In Mogadishu and Benghazi, American Special Operations Forces showed inspirational gallantry in the face of insurmountable odds. Their sacrifices would not have been necessary if politicians had resisted the temptation to tinker with the requirements of on scene commanders.
In both cases, Mogadishu and Benghazi, the Administration initially sought to spin failings away from the White House. It is no longer plausible to maintain that the White House was merely incompetent, or in incomplete possession of the facts on the ground. It must now be concluded that the Administration deliberately attempted to cover up the first successful 9/11 anniversary attack carried out by an Al Qaeda affiliate.

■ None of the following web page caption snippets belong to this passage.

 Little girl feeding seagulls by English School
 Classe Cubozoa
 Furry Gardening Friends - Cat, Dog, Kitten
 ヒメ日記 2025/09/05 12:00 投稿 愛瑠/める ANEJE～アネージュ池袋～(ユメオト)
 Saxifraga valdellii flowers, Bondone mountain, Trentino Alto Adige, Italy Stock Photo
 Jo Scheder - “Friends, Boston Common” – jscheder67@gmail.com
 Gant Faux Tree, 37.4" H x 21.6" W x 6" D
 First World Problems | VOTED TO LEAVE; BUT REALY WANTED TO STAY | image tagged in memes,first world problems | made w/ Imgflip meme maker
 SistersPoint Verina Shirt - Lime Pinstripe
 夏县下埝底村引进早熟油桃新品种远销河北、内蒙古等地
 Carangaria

In the congressional hearings that followed Mogadishu, Les Aspin stated that he felt armored vehicles and AC-130s were inappropriate for the mission of delivering humanitarian aid. Aspin informed Congress, improbably, that he had not been told that tanks and airplanes were necessary to protect US troops. Aspin went under the bus when President Clinton clarified the matter by saying the White House had not been involved in Aspin’s decision. By December, the Secretary tendered his resignation “for personal reasons”.

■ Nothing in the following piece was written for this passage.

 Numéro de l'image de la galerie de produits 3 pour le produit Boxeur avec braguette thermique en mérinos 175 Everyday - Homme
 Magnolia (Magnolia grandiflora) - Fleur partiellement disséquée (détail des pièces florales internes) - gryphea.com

There will be congressional hearings about the Benghazi massacre, and Mr. Panetta will be called to testify. It may not have been his responsibility to see that the Consulate at Benghazi was adequately prepared to meet a terrorist assault -- Secretary of State Clinton has kindly obliged the White House by assuming that responsibility -- but when the American diplomatic mission came under attack in Benghazi, it was Secretary Panetta’s sworn duty defend them. It was his obligation to support his besieged countrymen with the utmost vigor, and to use every tool at his disposal to keep them from harm. In that, he manifestly failed. For that failure, like Les Aspin before him, Leon Panetta should resign his post-- not for personal reasons, but for an unambiguous dereliction of duty.